In einem Insolvenzverfahren stiegen im vergangenen Jahr die Kreditgeber ein der Banken ein. Venator habe seine Verbindlichkeiten damit auf rund 200 Millionen Dollar reduzieren können, teilte der Vorstand im Oktober 2023 mit. „Jetzt versuchen sie, so viel wie möglich aus dem Unternehmen herauszupressen“, vermutet Zafer Ates. Weil die Geldgeber nun ihr Geld zurückwollten, seien die Leidtragenden vor allem die Mitarbeitenden.

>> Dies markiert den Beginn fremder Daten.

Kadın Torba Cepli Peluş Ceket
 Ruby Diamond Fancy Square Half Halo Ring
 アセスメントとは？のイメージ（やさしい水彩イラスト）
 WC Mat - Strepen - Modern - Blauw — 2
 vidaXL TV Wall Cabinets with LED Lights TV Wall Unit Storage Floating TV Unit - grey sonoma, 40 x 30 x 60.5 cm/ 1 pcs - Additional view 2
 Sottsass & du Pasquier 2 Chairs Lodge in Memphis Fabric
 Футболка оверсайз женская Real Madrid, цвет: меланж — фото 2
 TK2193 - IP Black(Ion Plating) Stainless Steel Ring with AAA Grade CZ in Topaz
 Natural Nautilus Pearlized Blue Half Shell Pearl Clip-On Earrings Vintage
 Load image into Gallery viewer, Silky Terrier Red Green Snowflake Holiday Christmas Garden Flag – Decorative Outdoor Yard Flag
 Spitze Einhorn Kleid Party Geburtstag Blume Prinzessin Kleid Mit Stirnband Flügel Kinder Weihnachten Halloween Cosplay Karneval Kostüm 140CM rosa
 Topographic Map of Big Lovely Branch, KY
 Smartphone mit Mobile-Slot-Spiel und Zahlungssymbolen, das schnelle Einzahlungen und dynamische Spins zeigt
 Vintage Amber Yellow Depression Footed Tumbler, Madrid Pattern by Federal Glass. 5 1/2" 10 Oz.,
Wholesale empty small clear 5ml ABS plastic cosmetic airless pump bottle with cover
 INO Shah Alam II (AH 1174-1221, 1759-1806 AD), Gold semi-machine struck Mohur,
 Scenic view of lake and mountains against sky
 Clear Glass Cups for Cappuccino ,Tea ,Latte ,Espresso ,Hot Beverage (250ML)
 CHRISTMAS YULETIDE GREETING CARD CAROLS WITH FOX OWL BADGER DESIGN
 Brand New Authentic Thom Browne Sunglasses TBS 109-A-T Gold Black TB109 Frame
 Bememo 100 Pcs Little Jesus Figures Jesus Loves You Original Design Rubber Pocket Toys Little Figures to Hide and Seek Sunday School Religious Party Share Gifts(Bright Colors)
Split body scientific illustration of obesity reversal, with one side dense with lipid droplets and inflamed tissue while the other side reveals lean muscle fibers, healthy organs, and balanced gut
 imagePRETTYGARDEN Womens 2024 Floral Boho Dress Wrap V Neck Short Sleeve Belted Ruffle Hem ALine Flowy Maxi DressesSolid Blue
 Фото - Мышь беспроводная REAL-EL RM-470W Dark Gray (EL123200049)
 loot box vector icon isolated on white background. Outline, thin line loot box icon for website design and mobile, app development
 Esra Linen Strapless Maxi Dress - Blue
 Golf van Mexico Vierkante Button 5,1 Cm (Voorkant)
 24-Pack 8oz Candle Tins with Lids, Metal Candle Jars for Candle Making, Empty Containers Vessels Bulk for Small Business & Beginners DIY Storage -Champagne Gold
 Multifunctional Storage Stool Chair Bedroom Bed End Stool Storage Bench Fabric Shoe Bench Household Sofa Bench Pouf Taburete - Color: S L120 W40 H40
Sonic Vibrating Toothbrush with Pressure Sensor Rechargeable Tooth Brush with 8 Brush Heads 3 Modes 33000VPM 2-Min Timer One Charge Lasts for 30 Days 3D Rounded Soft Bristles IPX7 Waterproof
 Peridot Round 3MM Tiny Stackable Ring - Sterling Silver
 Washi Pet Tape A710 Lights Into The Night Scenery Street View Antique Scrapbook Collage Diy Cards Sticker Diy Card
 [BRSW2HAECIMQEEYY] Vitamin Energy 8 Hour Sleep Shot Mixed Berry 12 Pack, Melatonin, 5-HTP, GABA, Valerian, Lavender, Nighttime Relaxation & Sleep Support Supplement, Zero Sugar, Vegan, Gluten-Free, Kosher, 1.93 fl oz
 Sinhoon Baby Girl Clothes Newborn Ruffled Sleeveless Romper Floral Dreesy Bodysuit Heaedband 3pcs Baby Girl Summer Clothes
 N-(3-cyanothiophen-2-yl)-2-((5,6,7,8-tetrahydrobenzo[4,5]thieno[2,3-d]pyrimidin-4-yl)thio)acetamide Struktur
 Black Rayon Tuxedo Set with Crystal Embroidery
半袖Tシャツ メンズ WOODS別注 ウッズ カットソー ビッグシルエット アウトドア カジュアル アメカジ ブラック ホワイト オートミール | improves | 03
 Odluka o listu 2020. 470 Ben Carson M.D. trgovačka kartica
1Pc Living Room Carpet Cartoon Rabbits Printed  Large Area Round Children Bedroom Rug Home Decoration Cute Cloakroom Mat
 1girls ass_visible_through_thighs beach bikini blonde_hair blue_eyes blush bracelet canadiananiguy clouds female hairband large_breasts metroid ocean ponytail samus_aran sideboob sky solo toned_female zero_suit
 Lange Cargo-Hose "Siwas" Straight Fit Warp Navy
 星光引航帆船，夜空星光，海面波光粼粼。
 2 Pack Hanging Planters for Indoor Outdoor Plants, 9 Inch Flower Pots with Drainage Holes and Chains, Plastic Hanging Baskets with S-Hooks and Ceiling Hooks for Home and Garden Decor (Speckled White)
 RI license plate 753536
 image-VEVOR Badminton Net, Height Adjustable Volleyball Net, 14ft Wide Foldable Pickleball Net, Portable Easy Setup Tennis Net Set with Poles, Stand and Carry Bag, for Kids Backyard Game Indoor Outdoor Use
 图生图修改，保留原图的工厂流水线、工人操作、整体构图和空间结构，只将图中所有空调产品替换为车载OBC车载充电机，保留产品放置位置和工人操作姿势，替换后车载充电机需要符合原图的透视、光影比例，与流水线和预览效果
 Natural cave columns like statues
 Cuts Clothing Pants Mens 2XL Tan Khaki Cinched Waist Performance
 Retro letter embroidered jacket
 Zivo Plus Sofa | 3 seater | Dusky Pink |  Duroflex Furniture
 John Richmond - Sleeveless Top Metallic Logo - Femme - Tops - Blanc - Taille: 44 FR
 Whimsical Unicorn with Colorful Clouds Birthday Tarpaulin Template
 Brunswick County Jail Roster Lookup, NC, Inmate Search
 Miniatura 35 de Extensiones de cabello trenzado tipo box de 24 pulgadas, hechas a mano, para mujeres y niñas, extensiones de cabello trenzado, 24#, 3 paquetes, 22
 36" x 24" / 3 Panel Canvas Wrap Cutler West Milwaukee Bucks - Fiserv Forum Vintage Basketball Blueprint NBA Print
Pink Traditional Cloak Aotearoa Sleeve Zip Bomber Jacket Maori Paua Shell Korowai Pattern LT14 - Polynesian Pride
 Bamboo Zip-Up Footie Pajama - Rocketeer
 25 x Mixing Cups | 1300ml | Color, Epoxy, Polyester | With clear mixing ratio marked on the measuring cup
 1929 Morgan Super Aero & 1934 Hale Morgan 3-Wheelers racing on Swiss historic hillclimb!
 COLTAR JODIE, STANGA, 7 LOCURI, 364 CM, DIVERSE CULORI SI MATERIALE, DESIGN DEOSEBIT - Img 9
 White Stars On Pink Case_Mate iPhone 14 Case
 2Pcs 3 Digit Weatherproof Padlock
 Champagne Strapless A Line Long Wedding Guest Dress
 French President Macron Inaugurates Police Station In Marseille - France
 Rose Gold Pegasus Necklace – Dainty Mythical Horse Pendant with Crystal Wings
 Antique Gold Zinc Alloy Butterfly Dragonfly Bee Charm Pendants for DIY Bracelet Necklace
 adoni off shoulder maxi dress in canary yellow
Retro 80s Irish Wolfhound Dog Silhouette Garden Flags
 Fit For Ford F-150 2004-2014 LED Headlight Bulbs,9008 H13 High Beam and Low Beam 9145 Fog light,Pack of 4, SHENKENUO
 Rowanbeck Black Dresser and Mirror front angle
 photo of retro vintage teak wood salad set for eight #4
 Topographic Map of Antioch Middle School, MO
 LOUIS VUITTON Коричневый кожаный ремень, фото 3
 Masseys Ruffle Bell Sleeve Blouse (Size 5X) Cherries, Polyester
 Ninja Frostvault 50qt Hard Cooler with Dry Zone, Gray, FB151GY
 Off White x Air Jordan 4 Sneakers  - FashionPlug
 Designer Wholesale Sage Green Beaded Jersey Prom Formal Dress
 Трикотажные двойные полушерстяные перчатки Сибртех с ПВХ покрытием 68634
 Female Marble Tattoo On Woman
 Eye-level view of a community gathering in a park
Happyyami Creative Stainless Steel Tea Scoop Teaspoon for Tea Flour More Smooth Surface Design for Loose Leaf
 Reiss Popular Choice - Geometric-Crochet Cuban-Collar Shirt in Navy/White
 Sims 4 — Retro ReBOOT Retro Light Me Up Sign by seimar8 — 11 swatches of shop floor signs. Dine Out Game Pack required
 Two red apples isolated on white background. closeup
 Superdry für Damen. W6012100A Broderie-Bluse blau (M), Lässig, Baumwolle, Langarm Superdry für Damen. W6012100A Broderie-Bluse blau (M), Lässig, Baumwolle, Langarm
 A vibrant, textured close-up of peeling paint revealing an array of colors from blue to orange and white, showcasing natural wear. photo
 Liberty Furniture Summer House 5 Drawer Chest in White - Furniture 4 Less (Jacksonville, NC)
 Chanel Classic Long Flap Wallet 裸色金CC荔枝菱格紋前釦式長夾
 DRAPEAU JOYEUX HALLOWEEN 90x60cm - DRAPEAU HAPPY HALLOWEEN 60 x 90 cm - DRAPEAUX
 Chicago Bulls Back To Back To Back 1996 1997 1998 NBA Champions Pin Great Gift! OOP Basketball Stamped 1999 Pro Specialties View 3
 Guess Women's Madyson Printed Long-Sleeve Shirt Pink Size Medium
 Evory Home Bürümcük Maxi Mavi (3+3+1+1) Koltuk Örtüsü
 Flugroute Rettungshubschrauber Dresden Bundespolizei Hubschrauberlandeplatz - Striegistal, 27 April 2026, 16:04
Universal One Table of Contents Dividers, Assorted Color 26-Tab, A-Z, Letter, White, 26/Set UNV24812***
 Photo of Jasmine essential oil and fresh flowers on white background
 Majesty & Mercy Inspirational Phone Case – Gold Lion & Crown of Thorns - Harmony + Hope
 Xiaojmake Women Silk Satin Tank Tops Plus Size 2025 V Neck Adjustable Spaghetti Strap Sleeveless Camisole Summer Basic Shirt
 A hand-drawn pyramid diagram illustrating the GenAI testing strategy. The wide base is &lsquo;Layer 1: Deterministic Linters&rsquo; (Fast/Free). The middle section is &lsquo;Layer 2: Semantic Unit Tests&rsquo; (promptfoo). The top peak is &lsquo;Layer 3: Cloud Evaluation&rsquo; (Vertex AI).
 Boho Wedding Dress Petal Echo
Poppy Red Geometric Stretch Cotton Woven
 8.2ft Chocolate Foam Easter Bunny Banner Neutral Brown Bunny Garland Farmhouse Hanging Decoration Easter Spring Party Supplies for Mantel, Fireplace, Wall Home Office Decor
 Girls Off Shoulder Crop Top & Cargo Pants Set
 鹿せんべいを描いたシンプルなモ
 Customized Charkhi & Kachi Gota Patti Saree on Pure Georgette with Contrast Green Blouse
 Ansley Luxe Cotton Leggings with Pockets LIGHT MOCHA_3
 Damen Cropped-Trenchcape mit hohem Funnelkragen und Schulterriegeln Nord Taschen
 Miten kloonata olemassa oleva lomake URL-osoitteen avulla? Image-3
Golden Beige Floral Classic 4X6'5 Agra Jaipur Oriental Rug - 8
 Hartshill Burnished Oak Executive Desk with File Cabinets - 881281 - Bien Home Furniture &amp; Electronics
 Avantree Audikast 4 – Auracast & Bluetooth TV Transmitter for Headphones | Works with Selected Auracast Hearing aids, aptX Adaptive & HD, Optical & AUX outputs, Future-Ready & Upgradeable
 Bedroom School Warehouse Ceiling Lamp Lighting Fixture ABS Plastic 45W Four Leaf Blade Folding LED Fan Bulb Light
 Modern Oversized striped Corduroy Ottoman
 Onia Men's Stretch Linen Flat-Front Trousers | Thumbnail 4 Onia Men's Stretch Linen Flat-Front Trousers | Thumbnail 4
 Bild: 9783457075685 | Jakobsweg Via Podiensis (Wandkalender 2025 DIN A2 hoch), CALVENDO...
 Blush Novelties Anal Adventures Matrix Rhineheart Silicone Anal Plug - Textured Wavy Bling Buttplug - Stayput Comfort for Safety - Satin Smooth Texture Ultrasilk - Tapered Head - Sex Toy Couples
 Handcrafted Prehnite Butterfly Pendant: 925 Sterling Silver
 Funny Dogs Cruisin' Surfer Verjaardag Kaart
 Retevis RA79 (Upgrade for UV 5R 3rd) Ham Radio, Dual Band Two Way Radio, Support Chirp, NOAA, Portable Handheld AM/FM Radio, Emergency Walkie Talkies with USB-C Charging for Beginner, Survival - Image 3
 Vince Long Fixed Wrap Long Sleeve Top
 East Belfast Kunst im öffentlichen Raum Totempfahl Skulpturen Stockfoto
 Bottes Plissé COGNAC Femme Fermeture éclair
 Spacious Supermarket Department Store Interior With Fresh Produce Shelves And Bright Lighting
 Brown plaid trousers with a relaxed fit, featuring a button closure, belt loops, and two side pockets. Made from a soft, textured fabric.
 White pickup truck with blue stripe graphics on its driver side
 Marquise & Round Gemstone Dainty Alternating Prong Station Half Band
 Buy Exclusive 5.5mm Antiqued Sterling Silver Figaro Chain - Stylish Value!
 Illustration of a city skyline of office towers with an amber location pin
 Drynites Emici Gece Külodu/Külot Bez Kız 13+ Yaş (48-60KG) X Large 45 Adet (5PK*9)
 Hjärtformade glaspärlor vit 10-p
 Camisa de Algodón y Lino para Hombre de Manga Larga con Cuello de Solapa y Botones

Neuer Anlauf für einen Sozialplan mit einem Schlichter der Einigungsstelle
Die Einigungsstelle wird nun angerufen, um doch noch einen Kompromiss für einen Sozialplan auszuhandeln. Wenn die Verhandlungen, die jetzt von einem Schlichter der Einigungsstelle geführt werden, ebenfalls scheitern, werden die Inhalte eines Sozialplans durch das Arbeitsgericht festgelegt. „Man hat das Gefühl, dass es scheitern sollte“, sagt Jörg Nadler, Betriebsrat von Venator. Denn die Unternehmensführung habe die Verhandlungen bereits nach wenigen Tagen abgebrochen.
Die Arbeitnehmervertreter und die Gewerkschaft vermuten, dass das Unternehmen mit der Schlichtung die Hoffnung verbindet, die Verhandlungen zügig voranzubringen. So könnte die Titandioxid-Produktion pünktlich zum 1. Juli 2024 eingestellt werden. „Eine solche Verhaltensweise kennen wir“, sagt Ates.
Die Unterstützung der Politik sei bislang eher zaghaft ausgefallen, findet der Gewerkschafter. Man habe sich an NRW-Arbeitsminister Laumann und NRW-Wirtschaftsministerin Neubaur gewandt. Sie hätten zwar die Prüfung finanzieller Unterstützung zugesagt, „aber die Politik versteht die Dramatik der Situation nicht“, so der Bezirksleiter.
Angst und Verunsicherung: Die Zukunft der Belegschaft bleibt weiterhin ungewiss
Mit Kündigungen ist erst nach einer Einigung zu rechnen. „Das wird aber eher früher als später geschehen“, sagt Uwe Sova, der Betriebsratsvorsitzende. Deshalb verschicken die IGBCE und Betriebsrat ab sofort Stellenangebote von potenziellen neuen Arbeitgebern. Wenn die nicht tarifgebunden sind, fallen die Löhne oft niedriger aus. Die Chancen für qualifizierte Venator-Beschäftigte gelten als gut: Auch die Chemieindustrie braucht Fachkräfte. Das Durchschnittsalter der Belegschaft liegt bei 47 Jahren.
Keiner der Beschäftigten will nach der Versammlung mit der Redaktion sprechen. Das hat Gründe: Der Betriebsratsvorsitzende Uwe Sova berichtet von Abmahnungen, die Mitarbeiter nach kritischen Äußerungen über das Unternehmen auf Social Media oder in der Presse erhalten haben.
Dabei belaste die aktuelle Situation viele Kolleginnen und Kollegen schwer, berichtet Sova. „Einige sind wegen Unterhaltsverpflichtungen oder Schulden auf ein regelmäßiges Einkommen angewiesen. Mit Werten wie Fairness und Respekt hat das hier nichts zu tun“, bedauert der Betriebsratsvorsitzende.